Uploaded on 24 March 2020
Ensuring human dignity
Dr Mohammad Manzoor Alam
In the first article of this series we posited that God bestowed dignity on humans: men, women, blacks, whites, yellow races, the wheatish and the reds, as well as on followers of all faiths and atheists – Hindus, Jews, Christians, Buddhists, Jains, Muslims, Sikhs, Zoroastrians, atheists, agnostics, animists and a whole range of in-between categories.
The principle of human dignity is enshrined in the UN Charters, Constitutions of different countries and their laws and moral principles. But have you ever cared to think how many people on earth today have never been treated with dignity because of their statelessness, or their refugee-status, or their low earning, or “low” caste.
These are very important issues for people who want to treat others with respect and sympathy. In today’s global population nearly ten percent of them do not have sufficient food, clean water, access to reasonably good education, housing and protection from the violence of more powerful groups. These minorities, refugees and stateless people are particularly prone to discrimination as justice-delivery systems shamelessly favour the aggressors. Is the dignity of such unprivileged being protected by anyone: the powerful groups, the governments, the police, the judiciary, the society? The answer is a resounding “No.”
Then what is the point of giving lip service to it?
Also consider whether people who have been allowed by the state to be looted and killed and their shops and workshops to be looted and burnt down and survivors to move around like stray cattle in search for a small, subsistence-level earning, can have dignity? The “goli maaro" (shoot them) provocateurs and rioters are roaming free while the victims are being sent to jail right under the nose of the PM and President, in the shadow of national parliament, barely half an hour’s drive from the national and state government hub.

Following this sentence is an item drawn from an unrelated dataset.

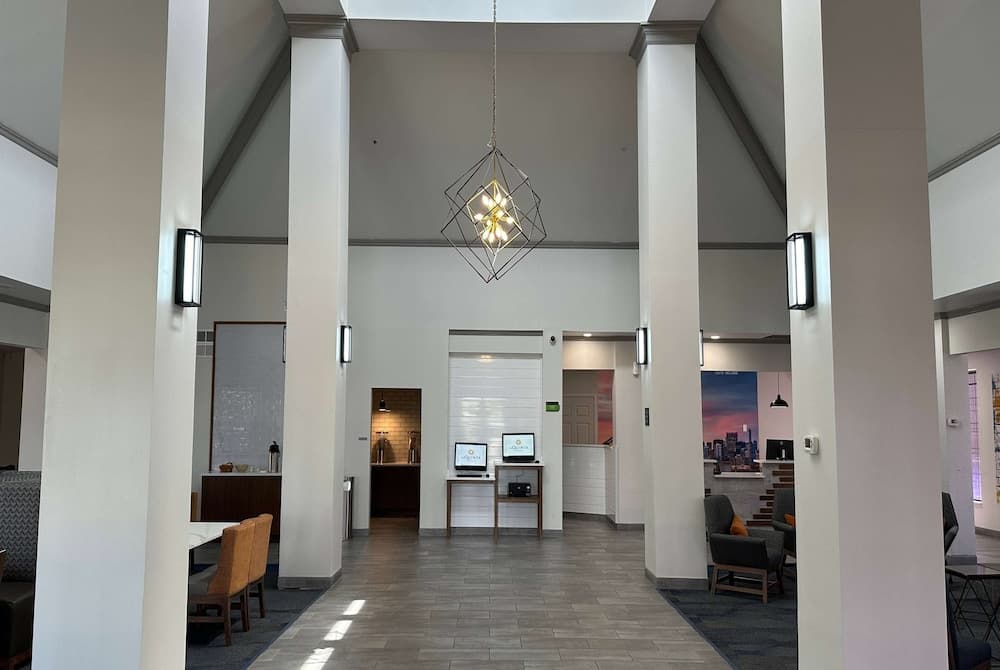 La Quinta Inn & Suites by Wyndham South Holland property views in South Holland, IL — gallery photo 3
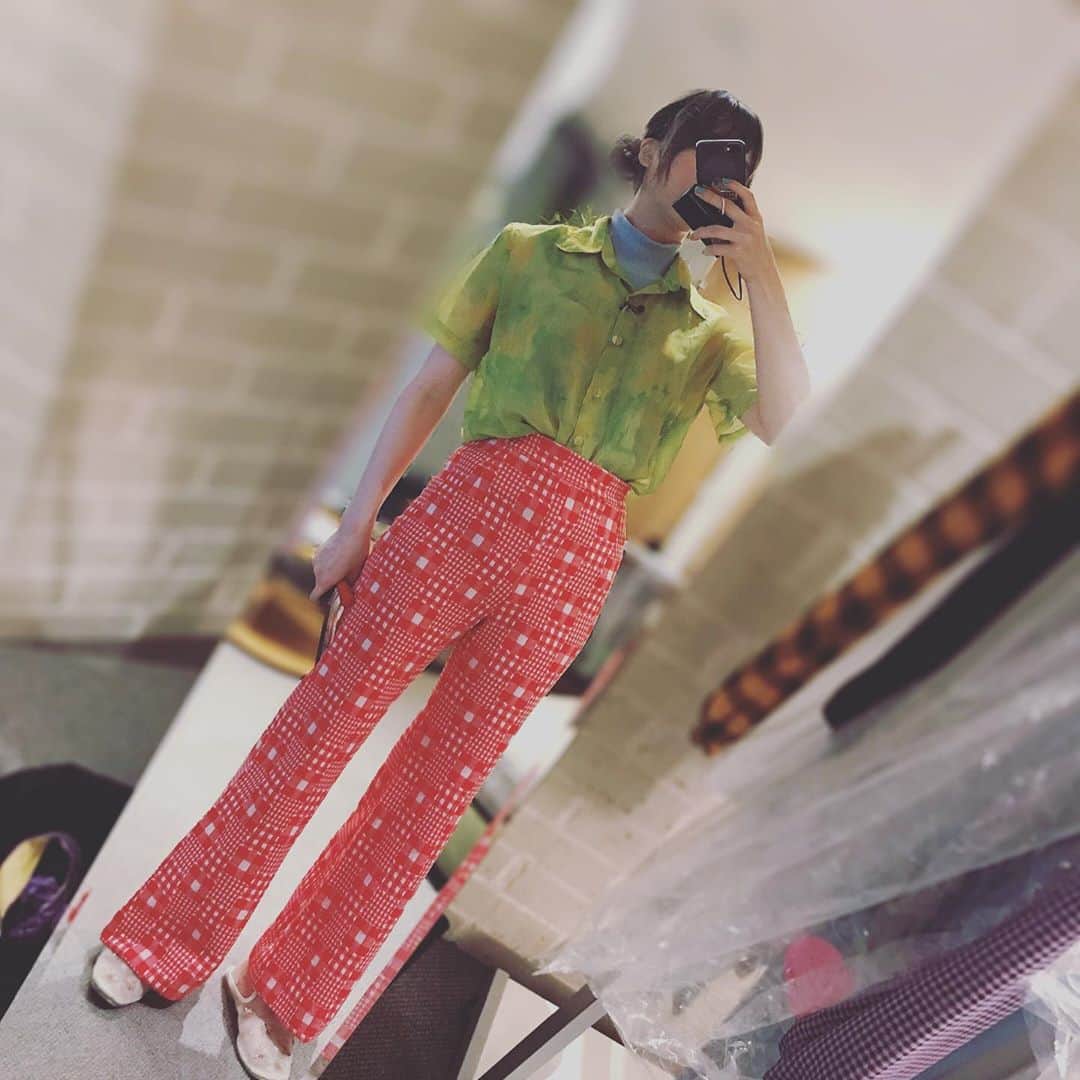 三田麻央さんのインスタグラム写真 - (三田麻央Instagram)「8月のトップ目とれるカナ？お衣装は夏らしく華やか🎉色味も形も等しく天才的に可愛い🤦‍♀️ #rrrvintage」8月8日 0時16分 - kyunmao_m99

In our first article we quoted the first real economist and 18th century philosopher, Adam Smith, insisting that a dignified life is not possible without a certain degree of economic wellbeing. Democracy as a form of government is seen to be more supportive of human dignity compared to other forms of government.
However, today democracy has been reduced to mere periodic elections (often preceded by poisonous propaganda and violence against the weak). Democratic institutions, including Election Commission, CAG, judiciary, and myriad others have lost credibility. There is an economic wellbeing angle to democracy also, without which democracy cannot function well. Several years ago, Fareed Zakaria wrote in his classic Future of Freedom: Illiberal Democracies at Home and Abroad, that democracy cannot flourish in a country with less than $ 5,000 per capita income. Today, this figure must be reckoned to $ 9,000-10,000.
In our effort to establish human dignity we must keep this in mind and give wealth creation its due importance , not just on the level of elite industrialists, but also on lower scale. We must struggle for the establishment of human dignity in every possible way.